Four years ago, Emily secured a bank loan for $200,000 for the purchase of a hou
ID: 3076568 • Letter: F
Question
Four years ago, Emily secured a bank loan for $200,000 for the purchase of a house. The term of the mortgage is 30 years , with an interest rate of 9.5%/year compounded monthly. Because the interest rate for a conventional 30-year mortgage has now dropped to 6.75%/yearly compounded monthly, Emaily is thinking of refinancing her property. a.what is emilys current monthly mortgage payment? b.What is emilys current outstanding principle? c.If Emily decides to refinance her property by securing a 30 year home mortgage loan in the amount of the current outstanding principle at the prevailing interest rate of 6.75%/yearly compounded monthly, what will be her monthly mortgage payment? d.How much less would Emily monthly mortgage payment be if she refinances?Explanation / Answer
Let us calculate sum, 'a' of mortgage loan to be paid each month.
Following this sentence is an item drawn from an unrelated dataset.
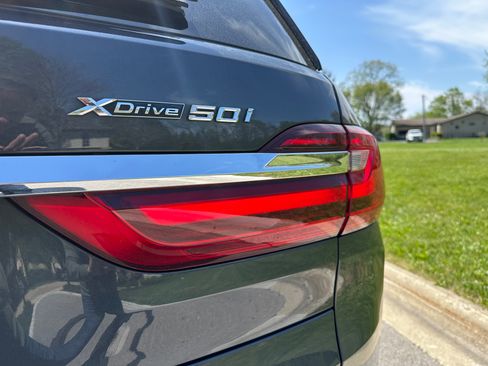 Used 2019 BMW X7 xDrive50i w/ Dynamic Handling Package AWD/4WD image 10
monthly rate = 0.095/12 = 0.0079167
no. of months = 30X12 = 360
a) Loan $200000 = a(1.007917^360-1)/(0.007917*1.007917^360)
a = 1681.06
b) PV of payments at the end of 8 years i.e. 96 months
= 1681.06*(1.007917^96 -1)/(0.007917*1.007917^96)
= 112738.86
Principal due = 200000 - 112738.86 = 87261.145
c) monthly payment = 87261.145[0.007917*1.007917^360]/[1.007919^360 -1]
= 733.76
d) 1681.06 - 733.76 = 947.3
Related Questions
Hire Me For All Your Tutoring Needs
Integrity-first tutoring: clear explanations, guidance, and feedback.
Drop an Email at
drjack9650@gmail.com
drjack9650@gmail.com
Navigate
Integrity-first tutoring: explanations and feedback only — we do not complete graded work. Learn more.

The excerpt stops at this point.